Michel vient de la gauche, perdu dans ses pensées, s'assied sur le bord de la scène et commence un soliloque triste avec sa trompette. Après un moment, il entend de loin l'appel d'un cor de basset - le début de la formule d'Eve de Licht. Michel, très heureux, répond avec un motif semblable. Le cor de basset joue la suite de la formule d'Eve et répond. Sur un trille apparaît du fond à droite une "fille aux étoiles" avec un cor de basset. Michel s'incline en jouant la quarte ascendante de la formule de Michel. La "fille aux étoiles" l'imite et s'incline également. A partir de maintenant, l'un apprend la formule de l'autre - partie après partie - sérieux et plein d'humour, simple et virtuose, solennel et décontracté. Ils dansent l'un autour de l'autre et jouent à la fin de façon merveilleusement synchrone.

La "fille aux étoiles" l'enchante et l'emmène en dansant.

 

MONDEVA (de DONNERSTAG AUS LICHT) (1979)
Pour cor de basset et ténor

Une fille aux étoiles - mi-oiseau, mi-femme avec un cor de basset - apparaît à Michel. Il tombe éperdument amoureux de "Mondeva - Mésange de la lune - Luneva - Bec d'argent". Au cours d'un jeu érotique, il découvre que sa musique a le pouvoir d'infléchir les choses. Mondeva et Michel échangent leurs mélodies. Michel cueille une fleur d'iris bleue et la met dans le pavillon du cor de basset, en chantant:

"Eve, aide-moi à remplir ma mission!
Aime par ta beauté sensuelle, corporelle:
Musique de Sirius...SIRISU - MUNDIVA:
Témoin d'êtres humains plus beaux."

Mondeva se retire dans le ciel. Il veut la suivre, mais elle le rejette. Pendant qu'elle se perd au loin, il chante:

"Mondeva, femme aux étoiles:
Je te garde dans mon coeur."

Michel lui fait des signes d'adieu, en écoutant, songeur, le cliquetis mourant des clefs du cor de basset.

 

NASENFLUGELTANZ (1983)
(Danse des ailes du nez)
Pour percussion et synthétiseur

Dans Luzifers Tanz, la troisième scène de Samstag aus Licht, un grand orchestre est réparti en dix groupes. Les groupes sont disposés verticalement sur cinq étages, les uns au-dessus des autres, et ils représentent les dix parties d'un visage humain géant. Le percussionniste et sa "baraque de tir" constituent le nez. Accompagné par l'orchestre, il joue en solo le Nasenflugeltanz: "Juch! huch! päng! tsasch! poï! Wake take prrr! Psch - psss - pfff!" Tout cela à 4 voix... avec des intermèdes défendus... et de l'humour...

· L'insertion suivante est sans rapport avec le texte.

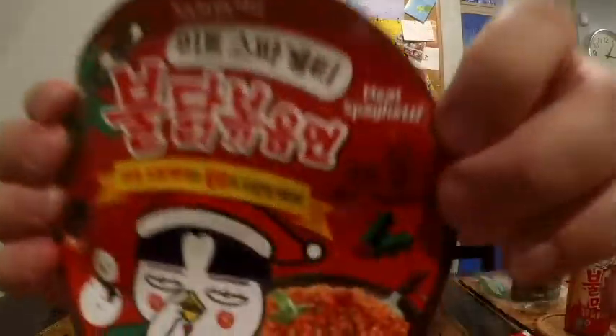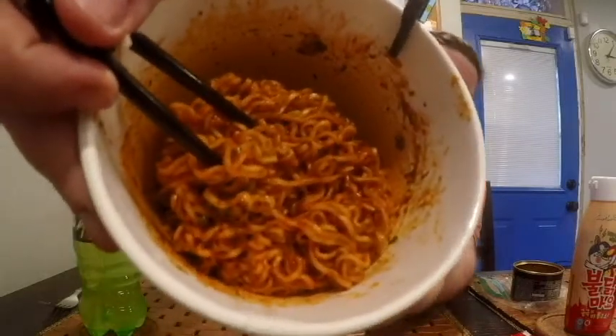As you can see, it says 'meat spaghetti' on the packaging, and everything else is in Korean. I had to look up some translations, and basically this is a harmony between a marinara meat sauce you'd commonly get in spaghetti and the spicy chicken Bulldog sauce. Looking at the noodles close up, you can see the dark red color, more like a marinara than the regular chicken sauce. There's also actual dried meat that rehydrates in this spaghetti Bulldog.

J'ai transformé et complété cette danse en un duo pour percussion et synthétiseur. Elle peut également être jouée comme solo de percussion.

 

OBERLIPPENTANZ (1983)
(Danse de la lèvre supérieure)
Pour trompette piccolo, trombone, 2 percussions, 4 cors

Depuis 1975 j'ai composé de nombreuses oeuvres pour trompette, dédiées à mon fils Markus (Sirius, Michaels Reise, etc.). Au cours de l'année 1983 il venait de temps en temps me trouver en me disant: "Ecoute cette trompette piccolo", et il improvisait quelque chose. C'est ainsi que j'écrivis Oberlippentanz pour la troisième scène, Luzifers Tanz, de l'opéra Samstag aus Licht.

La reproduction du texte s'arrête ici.